One particularly annoying law is the practice of watered-down beer. All beer produced or sold in Utah can be no stronger that 3.2% alcohol. The result is a beer that tastes like dish washing detergent has been run through it.

I spoke to my friend Ben over the phone. The plan was to stay at his place in SLC Thursday night, hit the slopes Friday, stay at his place Friday night, and head to San
Francisco Saturday morning, to hopefully arrive in San Francisco before I got too tired on Saturday night. My rent: REAL BEER FROM COLORADO. Ben requested
"Anything from New Belgium" These were the makers of Fat Tire. When I finally got to Colorado springs around 3PM, I pulled into the local loquor store and found four varieties of New Belguims products: Fat Tire, the very last of their Winter Ale, Summer Ale and their Wheat Beer. The tally was 6-twelve packs. (three cases or 72 bottles or beer, however you measure it) Ben would be very happy.

Once I hit Colorado, I did make a diversion. I sopped in a town to not only top off the gas tank, but also to de-louse the truck. The truck had become encrusted with an opaque layer of road-crud. Salt, dust, dirt,
mud, schmegma, and other assorted grime. It had this ashen-color to it. before I got to SLC, I also went to a car wash in Southeastern Utah.

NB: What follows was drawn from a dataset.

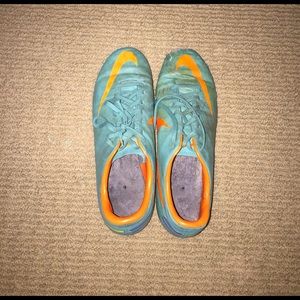 Blue and orange Nike cleats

Of course, the temperature was 37 degrees when i was driving through town. When I pulled in and started washing the truck, it magically dropped to 28 degrees, and all the water started freezing into the truck, making a proper wash impossible. I scrub off the ice and get back on the road. On the highway it proptly returns to 37 degrees. That was frustrating. The truck is not 100% clean, but its far better off than before the ice-wash.



It looks like I'm getting into town on schedule. I call ben and he's at the office, after 7PM. Since he can take the train, he doesn't have his SUV with him. I pick him up and we head out to 'The Bayou' for a nice dinner.

Ben has to work on Friday, so I'm going off on my own to Solitude Mountain. Solutude is probably the one Utah mountain I didn't hit in the month I lived in SLC during the 2002 Olympics.